Errors and mistaken assumptions cannot persist because publication of a peer-reviewed paper is only a first stage of peer review: The subsequent, even more rigorous stage of peer-review occurs after a paper’s publication and involves the scrutiny of scientific work by the entire field.
Paul Krugman – economics Nobel winner – has a different view on that.
… in the good old days you had to publish in the journals, which meant getting through the refereeing process.
My take is that the system never worked like that — or at least not in my professional lifetime.
Krugman then explains how the system does work.
First of all, policy-oriented research was never as centered on refereed journals as we liked to imagine. A lot of the discussion always took place via Federal Reserve and IMF working papers, and even reports from the research departments of investment banks. The rise and fall of Fed policy via targeting of aggregates, for example, was not a debate played out in the pages of the JPE and the QJE.
Second, even for more academic research, the journals ceased being a means of communication a long time ago – more than 20 years ago for sure. New research would be unveiled in seminars, circulated as NBER Working Papers, long before anything showed up in a journal.
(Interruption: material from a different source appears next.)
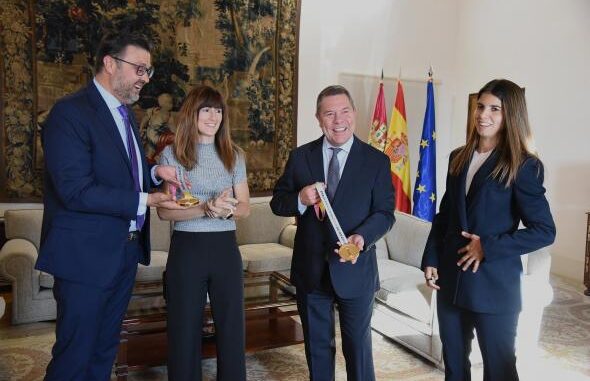 El-Gobierno-autonomico-reconocera-a-la-futbolista-Alba-Redondo-y-a-la-preparadora-fisica-Blanca-Romero-el-Dia-de-Castilla-La-Mancha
Whole literatures could flourish, mature, and grow decadent before the first article got properly published – this happened to me with target zones back in the late 1980s, where my original 1988 working paper had spawned a large derivative literature by the time it actually got published. The journals have long served as tombstones, certifications for tenure committees, rather than a forum in which ideas get argued.
So Krugman is suggesting the scrutiny Lewandowsky speaks of occurs before the peer-review process and ‘tombstone’ publication. He goes to argue the value of blogs.
Since there’s some kind of conservation principle here, the fact that it’s easier for people with less formal credentials to get heard means that people who have those credentials are less guaranteed of respectful treatment. So yes, we’ve seen some famous names run into firestorms of criticism — *justified* criticism – even as some “nobodies” become players. That’s a good thing! Famous economists have been saying foolish things forever; now they get called on it.